The Armchair Film Fest: For the month of April, there are some great films to set your designated machine to record: Recommended are The Miracle Worker, Hannah and her sisters, Ivanhoe, Harvey, The Set Up, A Hard Day’s Night, Funny Girl, Please Don’t eat the Daisies and Butch Cassidy and the Sundance Kid. Watch the 6 Degrees magazine for reviews on these films if you’ve never seen them…

All of these films are on Turner Classic, which is great because there’s no commercial interruptions. One other noticeable difference on the Turner Classic site is that they’ve finally said goodbye to Movie Morlocks and have an upgraded blog site: Streamline, which has a much cleaner look and some interesting reviews- the short films of Harold Lloyd and Wuthering Heights vs Jane Eyre-all featured on our 6 Degrees Magazine site this week.

Two master film makers are mentioned in a post about the most difficult scenes to film Director Stanley Kubrick did one small scene in “The Shining” over 148 takes. But Chaplin was most notorious for his perfectionist style-one scene in “City Lights”, just a short time on the screen, took him an astonishing 340 times for the girl to say the line, “Flower, sir?” to Chaplin. Food for thought the next time the boss demands your attention to detail!

Finally, the magazine features reviews of Barbarella with Jane Fonda, Francis Ford Coppola’s first major picture, Finian’s Rainbow, The Zookeeper’s Wife and Going in Style (the latter didn’t get great reviews).
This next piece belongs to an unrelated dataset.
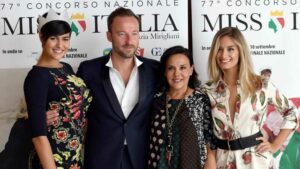 facchinetti rea makeup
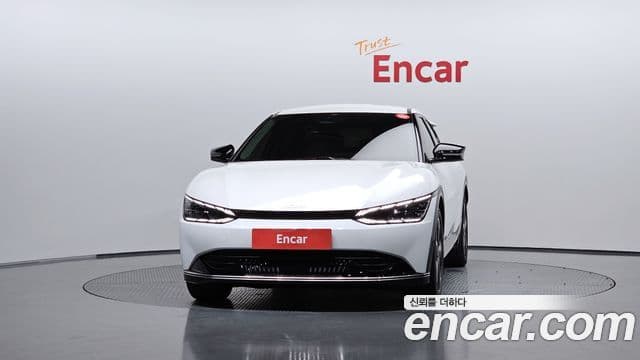 2022 Kia (Киа) EV6 — миниатюра 3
There’s a post listing the best films of Al Pacino, and one piece on the many plot holes found in Marvel pictures. Those who read me regularly can see me smiling, as we all know that the main reason for Marvel pictures isn’t to tie up loose endings and create logical plot points!

There’s also a post that lists the best films about World War I, in honor of America’s 100th Anniversary of our entrance into WWI. The one thing I do take issue with is the inclusion of one of my favorite films: Lawrence of Arabia. Although it’s true that the film does depict war scenes and occurs during WWI, this film isn’t really part of the European war that was fought on the continent. So technically, it may be included, but it’s not one that immediately springs to mind when I think about the Great War. Galipoli, Sergeant York, and Paths of Glory yes-but not Lawrence!

I’m thinking about the Summer Movies a bit early this year. Some look very promising, and we’ll talk more about them in the coming weeks. Also recommended is a good book on film- Talking Pictures-by the Washington Post film critic Ann Hornaday.